同性にも関わらず、あまりにも綺麗だったのでつい見蕩れてしまったのだ。

同じ日、街中を歩いていたエリックはおかしな人間を見た。

格好はどこにでもいそうな青年なのに、中身がどうもおかしかったのだ。

藤島に呼ばれ、もう一度青年の方向を見たがすぐに見失ってしまった。

そして同じ日、千歳と出羽は男性に絡まれているみちるの姿を発見したのだった。



            *彼女のボディーガード*



買い出しから帰ってきた赤城と坂東は出雲にいかにその男性が綺麗だったのかを熱弁した。
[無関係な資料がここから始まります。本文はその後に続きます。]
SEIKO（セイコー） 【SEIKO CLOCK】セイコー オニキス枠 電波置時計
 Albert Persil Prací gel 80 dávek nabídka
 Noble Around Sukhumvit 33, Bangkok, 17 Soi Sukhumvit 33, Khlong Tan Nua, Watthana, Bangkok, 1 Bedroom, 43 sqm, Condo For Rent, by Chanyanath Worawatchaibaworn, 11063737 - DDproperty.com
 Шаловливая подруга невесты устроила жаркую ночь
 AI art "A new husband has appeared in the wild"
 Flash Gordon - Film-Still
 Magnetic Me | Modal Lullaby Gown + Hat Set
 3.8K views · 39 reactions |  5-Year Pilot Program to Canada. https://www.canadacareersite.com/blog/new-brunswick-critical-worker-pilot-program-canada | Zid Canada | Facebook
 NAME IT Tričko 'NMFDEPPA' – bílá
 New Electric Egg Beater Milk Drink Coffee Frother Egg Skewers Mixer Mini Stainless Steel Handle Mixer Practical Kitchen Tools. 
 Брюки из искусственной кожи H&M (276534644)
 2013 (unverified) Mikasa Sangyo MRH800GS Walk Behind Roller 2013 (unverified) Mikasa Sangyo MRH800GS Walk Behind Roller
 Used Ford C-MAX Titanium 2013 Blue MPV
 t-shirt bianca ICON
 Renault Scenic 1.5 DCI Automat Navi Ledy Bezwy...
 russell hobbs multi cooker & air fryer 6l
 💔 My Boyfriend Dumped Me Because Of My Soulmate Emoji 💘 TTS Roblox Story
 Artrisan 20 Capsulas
軽く聞き流していた出雲だが、帰ってきたエリックの話には疑問符を浮かべた。


 出雲「…ちゅー事は、ストレインかもしれへん、と?」

 エル「何ていうか…人間っぽくなくて、変な感じがした。」

 藤島「変な顔してたのはそのせいか。」

 赤城「そいつどんな奴だったんだ?」

 エル「黒い上下のスーツ、黒髪。男だった。」

 坂東「…それ、俺たちが見たやつと同じじゃね?」

 赤城「え?…あ、そうかも!さんちゃん偉い!!」

 出雲「人間らしさの薄い、男も見とれるほどの美人さんかいな…また濃い奴やな。」

 藤島「千歳と出羽は?」

 出雲「もうすぐ来るんとちゃうの?…みちるちゃん、遅いな。」

 エル「お嬢、いつもならもう来てる…。」


釣られて時計を見るとすでにお昼を回っており、控えめに顔を出す少女の姿はまだない。

とてとてとやってきたアンナは出雲を見上げて問いかけた。


アンナ「みちる、来ないの?」

 出雲「んー連絡来とらんから、もう少し待ってような、アンナ。」

 赤城「そういや、八田さんも今日は遅いんでしたっけ?」

 坂東「何か用事があるとか…鎌本は?」

 出雲「いつも通りどこかでなんか食っとるんとちゃう?」

 藤島「確かに。」

アンナ「……みちる。」


心配そうに呟いたアンナに周りは黙り込み、出雲は携帯を取り出した。

そして千歳と出羽に連絡を取った。


 出羽『はい、こちら出羽と千歳でーす。草薙さんどうしました?』

 千歳『何かありました?』

 出雲「なんや、一緒に居たんかいな…。みちるちゃんが遅いからかけただけや。絡まれたかもしれへんからちょっと見ときー。」

 千歳『了解っすー。』

 出羽『って…草薙さん、椿ちゃん発見しました!無事みたいですよー。』

 出雲「あっさり見つかってしもた…アンナ、みちるちゃん今から来ると。」

アンナ「……出雲、みちる大丈夫?」

 出雲「ん?出羽ー、みちるちゃん絡まれとるん?」

 出羽『今のところ何もないですけど…。』

 千歳『あ、草薙さん、椿ちゃん絡まれたんで助けに行ってきますー。』

 出雲「なんかアンナが心配そうやから気をつけー。』

出・千『『了解っすー。』』


通話を切った出雲はアンナを安心させるように頭を撫でるが、アンナの表情は暗いままだった。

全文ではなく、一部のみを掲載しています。